Two Brooklyn College graduates, Michael Gomez and Anthony Tart (both members of the Class of 2013), and Brooklyn College senior Nickesha Johnson were the toast of the town at the 35th College Television Awards, presented on April 23 by the Television Academy Foundation.
They won the College Emmy for Best Newscast, beating out their peers from across the country. The award was given to them for a newscast they wrote, shot, and produced last year while they were studying at Brooklyn College’s Summer Broadcast News Institute under famed television journalist Barbara Nevins Taylor. Nevins Taylor, who has worked at Channel 2 News and Fox 5 over the years, has won 22 Emmys in her career. She is now a professor at the Department of Television and Radio at Brooklyn College and is the founder of consumermojo.com, a website focusing on consumer and financial issues.
Nevins Taylor said she encourages all of her students to apply for big awards like the Emmys because it’s important for them to see how they measure up against their peers.
Gomez, Tart, and Johnson accepted their awards at a red carpet ceremony in Los Angeles where they hobnobbed with television stars. “Getting chance to meeting with pros was great,” Johnson told the Brooklyn Eagle. “They told us what it was like to be in the industry. You have to start at the bottom, work hard, and create your own opportunities.”
Their acceptance speech was as organized as the newscast that won them the Emmy. “We had only 30 seconds to say our thank you’s onstage,” Gomez, a James Madison High School graduate, told the Eagle. “So we divided the job up. Nickesha had the job of thanking the Academy. Anthony was in charge of thanking Brooklyn College and the reporters who worked on the newscast. And I thanked our families and friends.”
The award ceremony “was exciting,” Tart said. “It was just like you see on television.”
And as if to add icing to their cake, the three winners learned during their trip to California that the same newscast they created also won the Society of Professional Journalists’ Mark of Excellence Award for the regional competition in the category of Best All-Around Television Newscast. Brooklyn College alum, Russell Midori, Class of 2013, won in the category of Best Television Feature.
Creating the newscast was hard work, but it was rewarding, according to Tart, a graduate of Edward R. Murrow High School. “We wrote stories, we shot footage, we edited it, we worked with the anchors, and we worked the teleprompter. Our goal was to make it look like a professional newscast, not a college show,” he said. To that end, the producers focused not just on the Brooklyn College community, but on the city as a whole, presenting stories on gun violence and the plight of undocumented immigrants working as day laborers, as well as soft features. They even included a sports segment.
Tart, Gomez and Johnson all said that their winning broadcast was a collaborative effort that included input from the other students in the class who reported segments and worked on the set and even from a graduate student in the Compositional Studies Program who scored original music for the project.
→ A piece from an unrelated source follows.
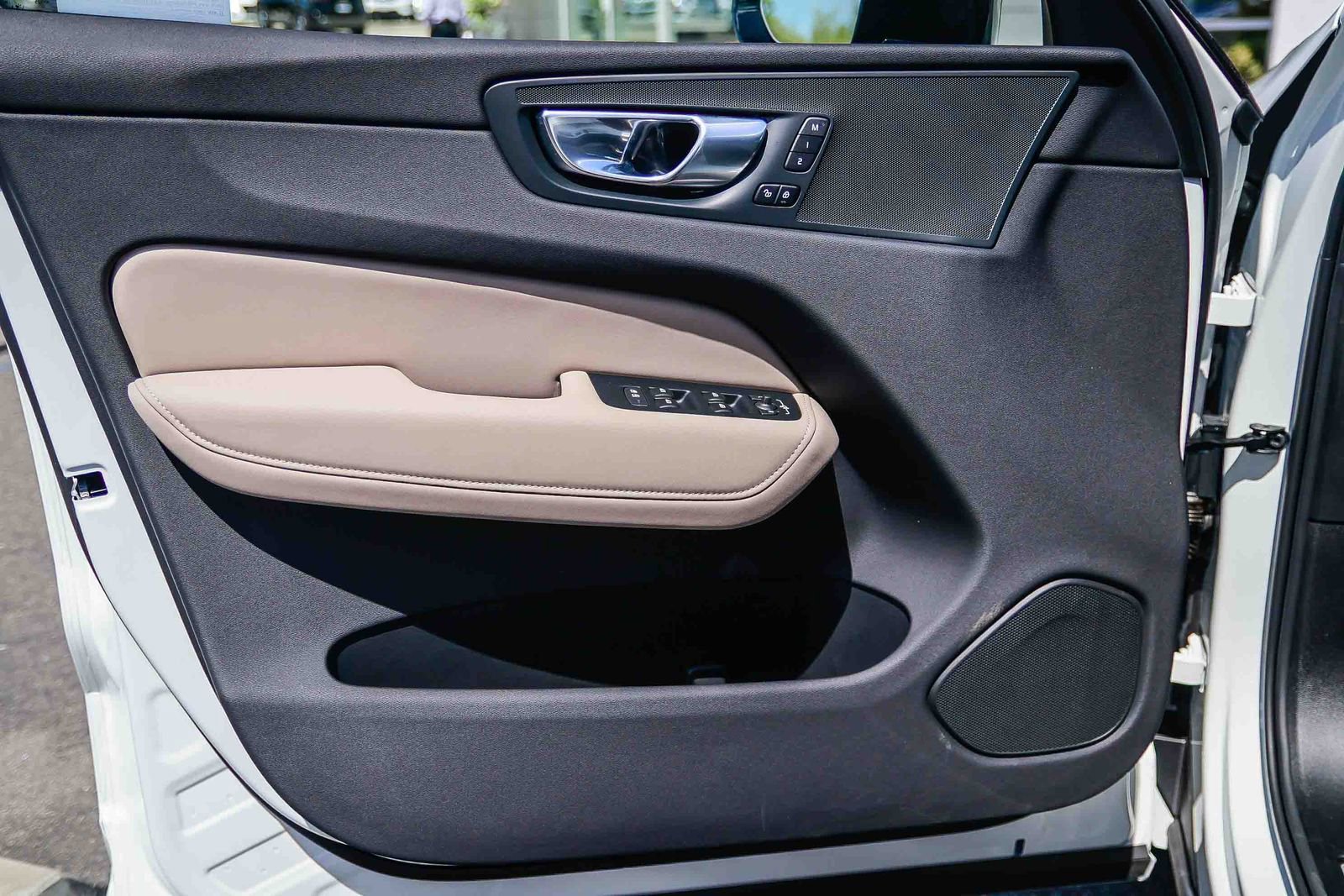 Used 2026 Volvo XC60 B5 Plus w/ Protection Package Premier image 23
Nevins Taylor wasn’t just a mentor to the group. The television news veteran served as news director, constantly pushing the students to do better. “She was tough on us. But it was good because the news business is tough,” Gomez said. “If we came back with footage she didn’t think was good enough, she sent us back out to do it again.”
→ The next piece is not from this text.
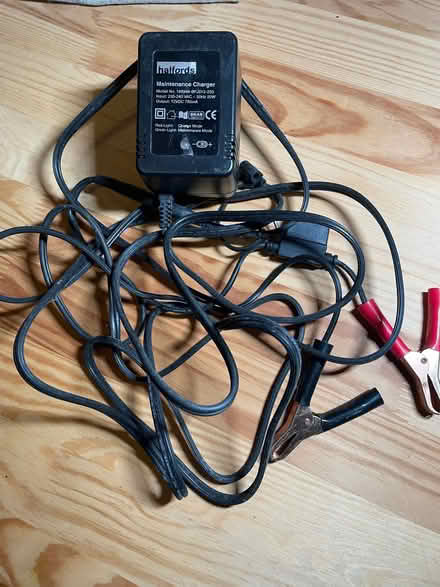 Photo of free Halfords Maintenance Charger (Sutton Pools OX14) #1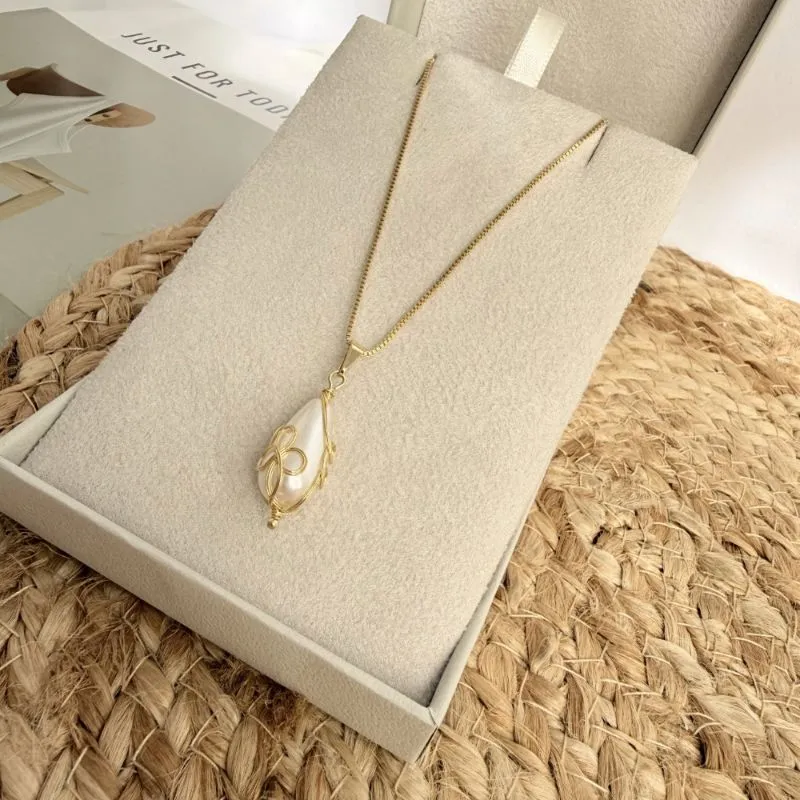 COLAR PÉROLA COM DETALHES EM FIOS DOURADOS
“She’s a relentless perfectionist. She will come down on you pretty hard when you get it wrong but when you get it right, she’s really excited. Her tactic worked in our favor,” Johnson said.
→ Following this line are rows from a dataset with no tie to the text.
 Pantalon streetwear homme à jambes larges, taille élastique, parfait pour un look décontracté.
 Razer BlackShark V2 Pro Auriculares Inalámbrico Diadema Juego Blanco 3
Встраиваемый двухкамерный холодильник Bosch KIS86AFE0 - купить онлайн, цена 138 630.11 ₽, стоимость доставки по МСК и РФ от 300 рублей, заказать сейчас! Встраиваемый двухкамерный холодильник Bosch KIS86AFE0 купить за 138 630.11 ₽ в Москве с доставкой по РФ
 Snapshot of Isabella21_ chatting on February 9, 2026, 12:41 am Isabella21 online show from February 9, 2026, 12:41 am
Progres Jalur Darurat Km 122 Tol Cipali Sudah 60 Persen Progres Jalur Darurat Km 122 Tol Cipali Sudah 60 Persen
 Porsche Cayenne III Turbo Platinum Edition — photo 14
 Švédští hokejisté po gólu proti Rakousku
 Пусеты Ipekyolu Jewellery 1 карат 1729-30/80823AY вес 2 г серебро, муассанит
“I was a news director and I worked with them the same way news directors have worked with me over the years,” Nevins Taylor told the Eagle, adding that she sought to create a professional newsroom where no one is coddled and where the demand for excellence is met with hard work.
As broadcast journalists, “we are video storytellers,” Nevins Taylor said. “Our job is to tell a story. I wanted them to get to the heart of the matter; to tell the story clearly and concisely for the viewer.”
When asked what it takes to become a good broadcast journalist, Nevins Taylor named three elements: curiosity, focus, and hard work.
Johnson, Gomez, and Tart said they believe the Emmy has opened doors for them. Since the big win, all three have enjoyed networking opportunities and invitations to swanky parties.
Tart currently works as a freelance videographer for NY1 News. Gomez said he “has a few things cooking” in terms of his next career move. Johnson, a mother of two and a double major in broadcast journalism and psychology, said is undecided on her exact career path but is excited by the possibilities that are out there.